FCC’s Powell Joins Blogger Roll


Last week, Federal Communications Commission
(FCC) Chairman Michael Powell launched a
blog
to invite comments from the tech
community. And did he ever get them.


A little more than 23,000 people visited Powell’s column, published by
AlwaysOn, and hundreds fired off replies to his call to hear directly from
the tech community in order to “get beyond the traditional inside the
Beltway Washington world where lobbyists filter the techies.”


Powell’s techies had plenty to say about the FCC’s regulatory vision,
spectrum allocation, telecom regulation, censorship, media ownership,
Internet telephony (VoIP), broadband over power lines (BPL) and Powell
himself.


“Let me just say again that this very blog is a revolutionary one. I
strongly believe that the Internet is the perfect forum to avoid the
lobbyists, and that no matter what decisions you make as chairman, you’ve
already made the best one possible,” Jonathan Ivy wrote.


“I am frankly disappointed by the FCC and your leadership. You have acted like a
typical BIG-BUSINESS mentality politician. You were born with a proverbial
‘silver-spoon’ and you have a lot of charisma,” wrote D. Nathan. “However,
your implementation of the Telecom Act of 1996 was a miserable failure.”
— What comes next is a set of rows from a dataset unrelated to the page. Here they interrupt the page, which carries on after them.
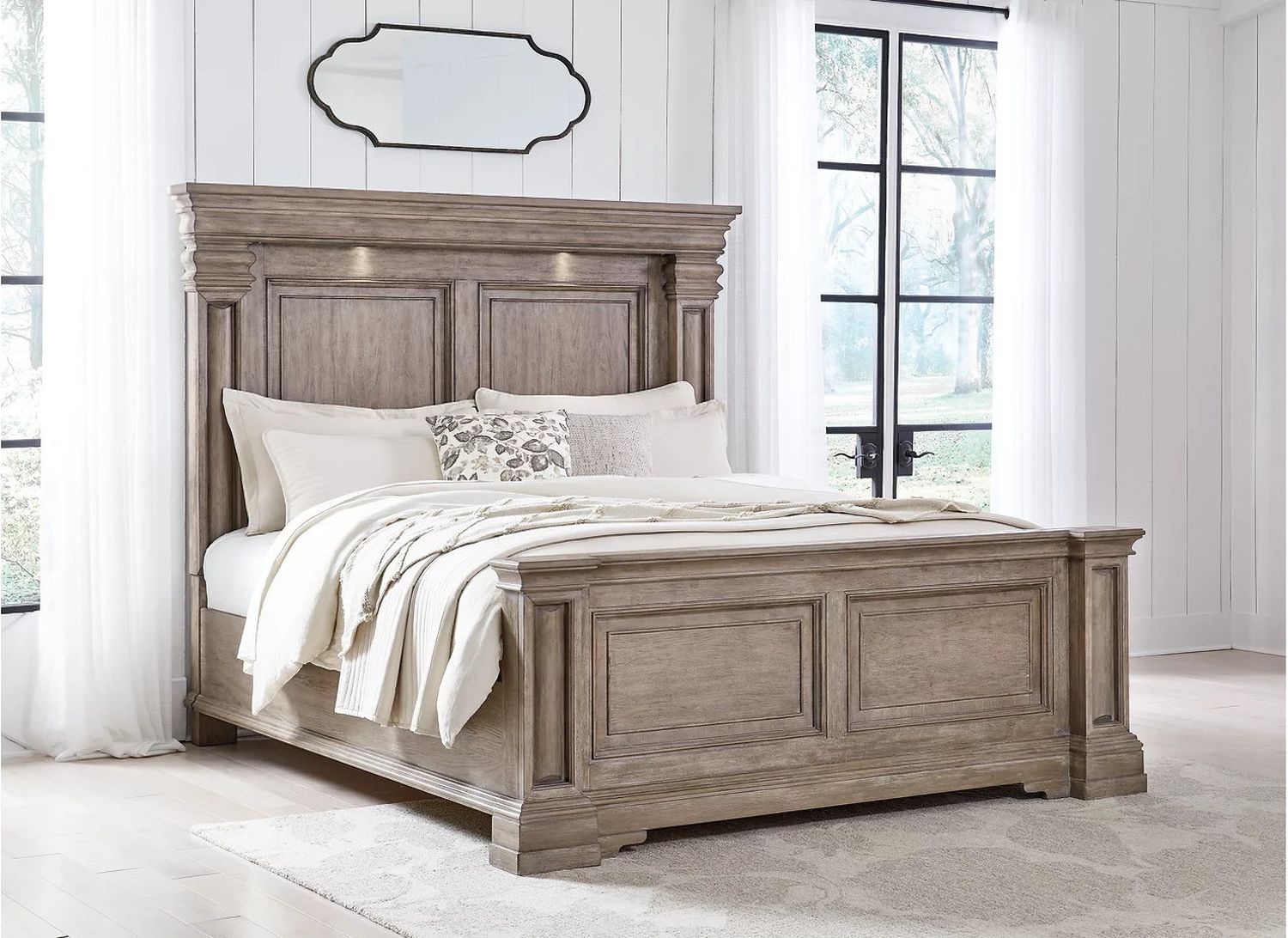 Blairhurst King Panel Bed In Grayish Brown B916B4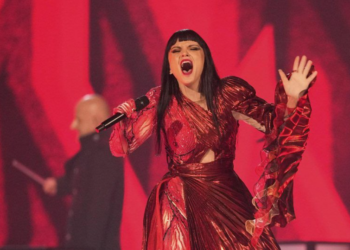 Sot, finalja e Eurovizion, “Zjerm” pritet të ndezë skenën dhe të gjithë shqiptarët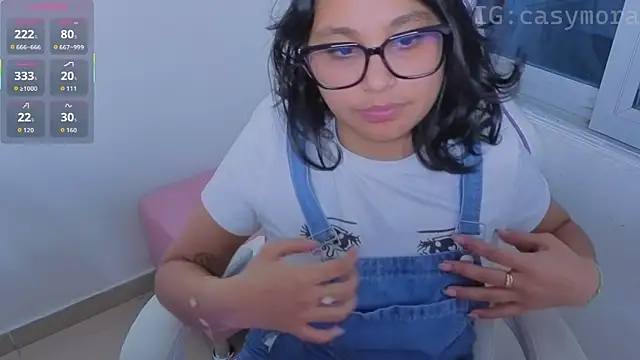 Snapshot of Cuteprincess21 chatting on 12-17-25, 12:38 Cuteprincess21 online show from 12-17-25, 12:38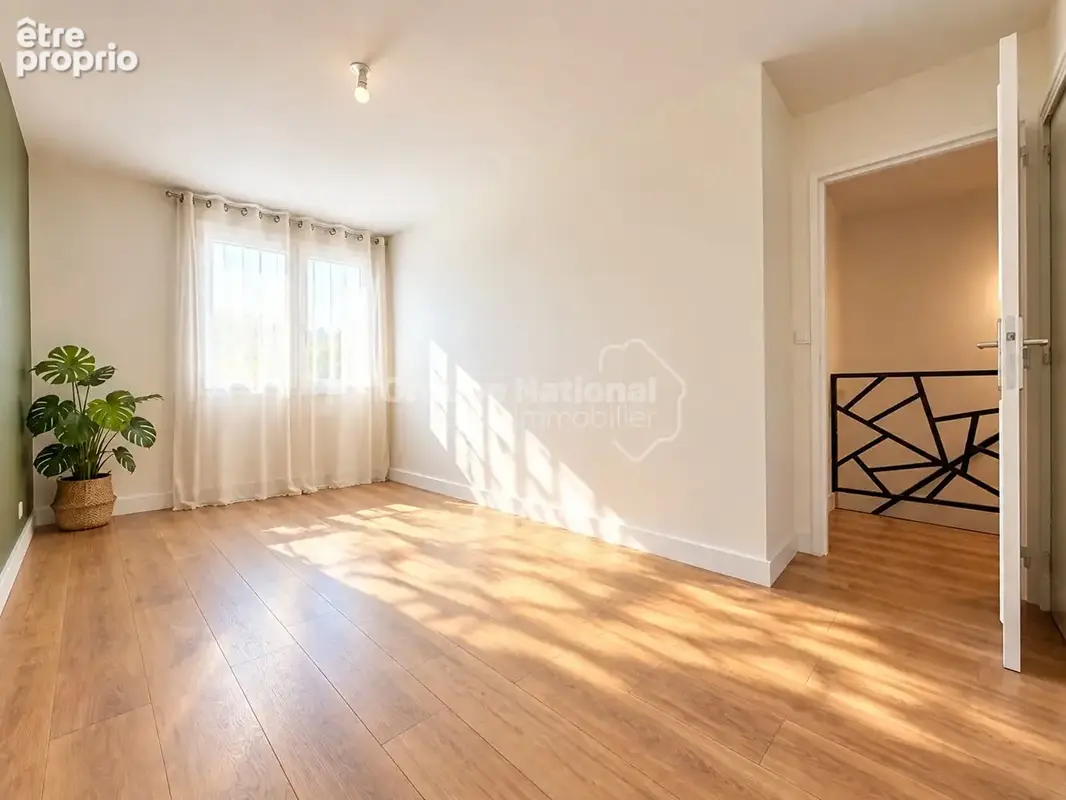 Magnifique maison entièrement rénovée avec extérieur et grand garage ! - photo 6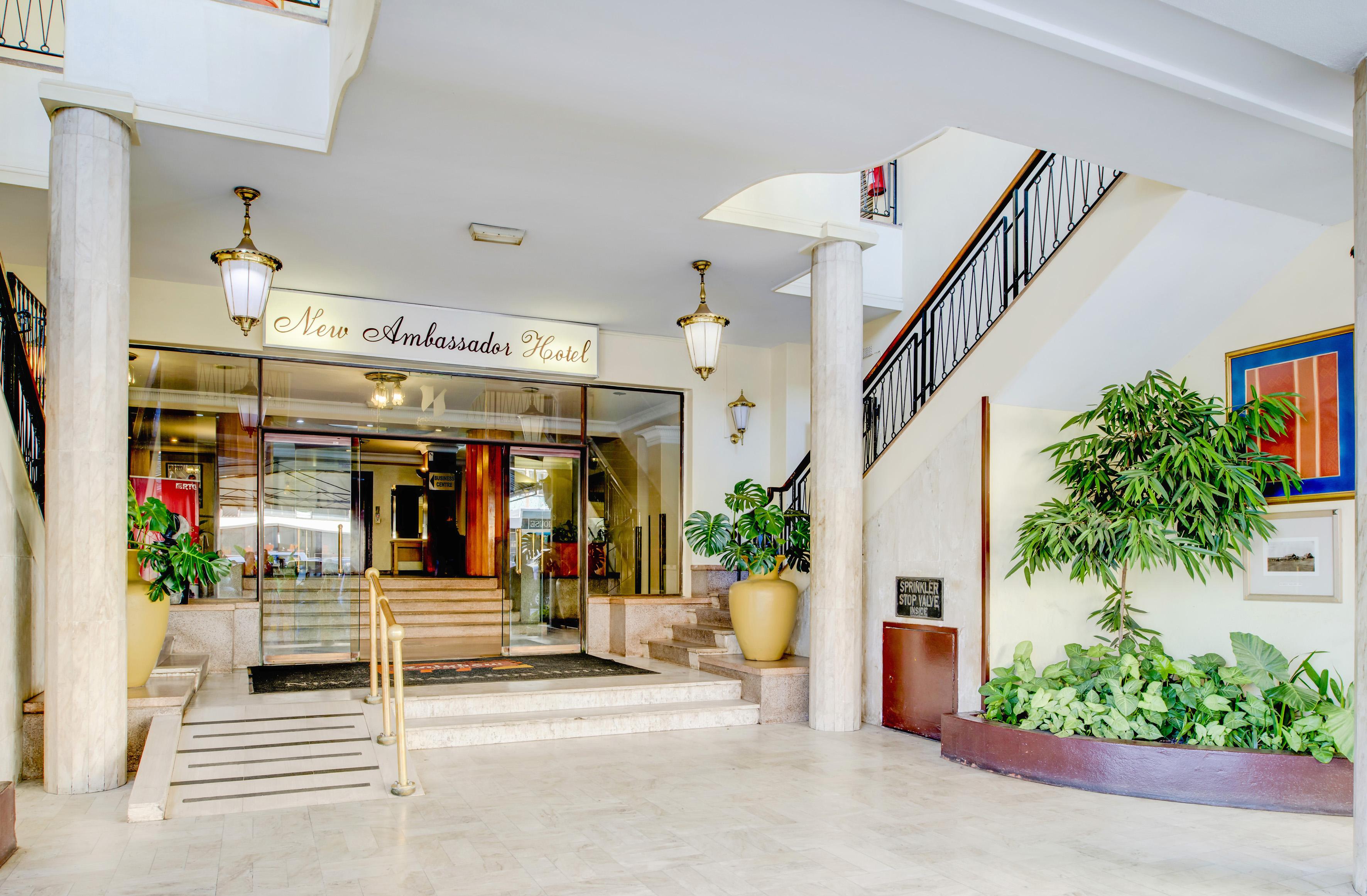 New Ambassador Hotel Χαράρε Εξωτερικό φωτογραφία
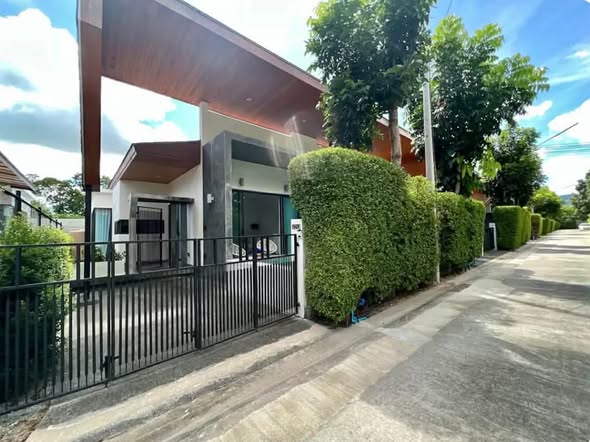 For Rent | Pool Villa The 8 Pool Villa Palai , Chalong, Move in Ready 2 Bedrooms | 2 Bathrooms Fully furnished • Living room: Sofa, TV, A/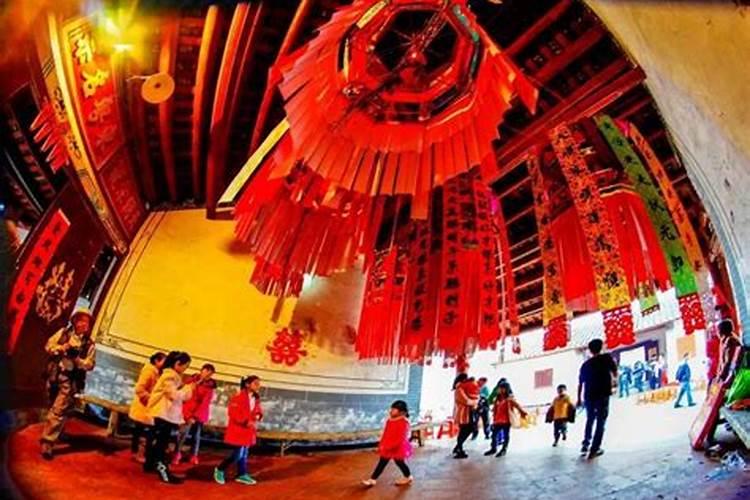 梦见棺材和办丧事的场面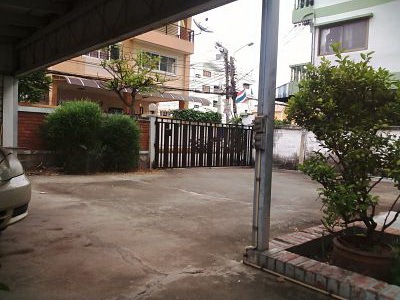 OLD HOUSE SUITABLE FOR HOUSE OR APARTMENT ,HOME OFFICE SUKHUMVIT 71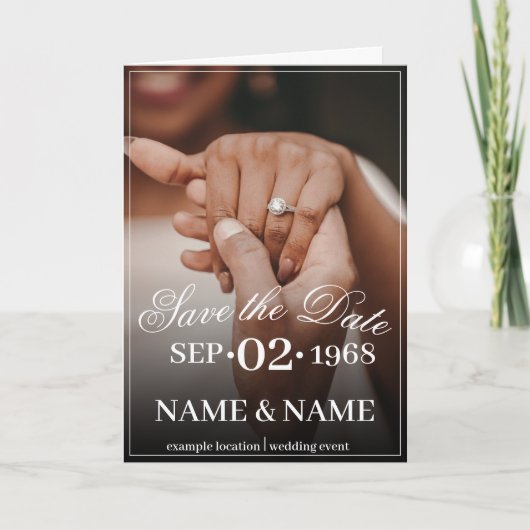 Handen van een gekleurd bruiloft paar met ring kaart (Voorkant)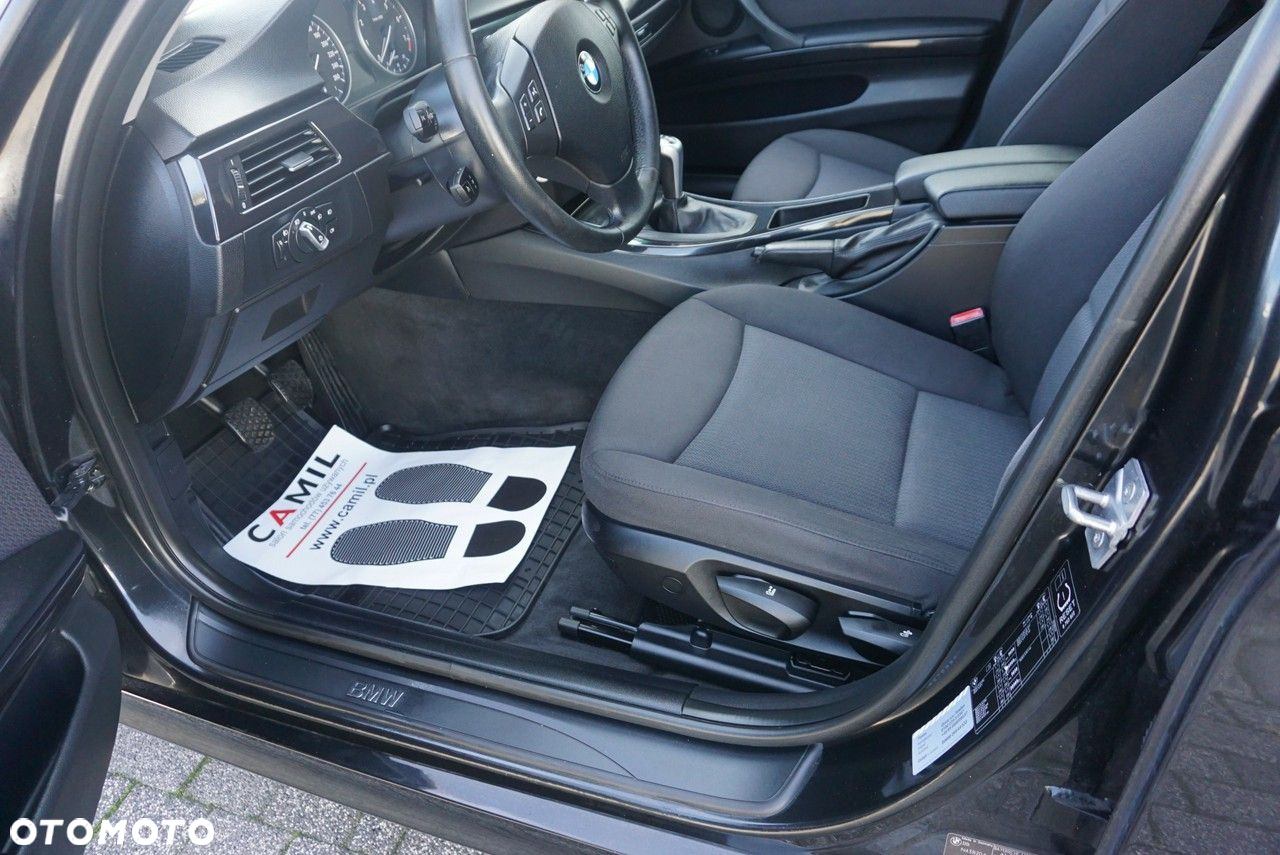 BMW Seria 3 - 10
Landcruiser weighed in with: “Deregulation allowed them [telcos] to price
out their competitors by using their monopoly power over the phone lines.
What will be different in the era of VoIP?”


Another reader urged Powell not to become a “hoodwinked bumpkin” on the BPL
issue, contending that “many of us here [Silicon Valley] laugh at BPL.
Please save yourself from this one before the BPL proponents talk your staff
further into disgrace.”


A number of those who replied to Powell simply questioned the regulatory
vision of the FCC.


“The FCC keeps stating their desire to promote competition, especially
facilities-based competition” wrote Cluge. “Perhaps the FCC should start
ACTING like it wants competition.”


By Sunday, Powell was ready with his responses, taking the opportunity to describe
the FCC’s position.


“We do have a vision. I call it digital migration,” Powell wrote. “The biggest problem for
the last 100 years has been the government embracing monopoly and the fact
that there was basically one wire to bring communication service to all
consumers, regardless of where they lived. A network was
optimized for one application — copper wire for voice by telcos, coaxial
for multichannel video by cable companies and so on.”


Powell said the FCC was solving the “one-wire dynamic” by “driving multiple
broadband platforms,” such as DSL, cable modem, BPL, Wi-Fi , satellite
broadband and ultra wideband technology .


“More importantly, by following the Internet paradigm and thinking of
services as applications that can be divorced from any one platform, we can
see a second order of competition developing in the application layer,”
Powell wrote. “VoIP is a strong example! Less regulation in this service
layer will foster innovation and competition.”


Powell also defended his long opposition to forcing incumbent telephone
companies to share their lines at deeply discounted rates to competitors.
Last year, Powell was on the short end of a 3-2 FCC vote to maintain the
discount pricing regime, but earlier this year, the courts rejected the
decision.


“I do not believe all the high ambitions for competition should rest on
basically reselling the incumbents’ services. Consumers get a choice, but a
flat one,” he wrote. “There is not much product differentiation possible
(just selling the same thing). Not much price competition possible (stuck
with price inputs and a state-regulated retail market). Not much network
redundancy at a time of serious risk to our nation.”


Powell said the FCC will write new rules in the next six months to “promote
small competitors using the incumbent’s network to provide necessary
facilities. Facilities-based competition is something I strongly support.”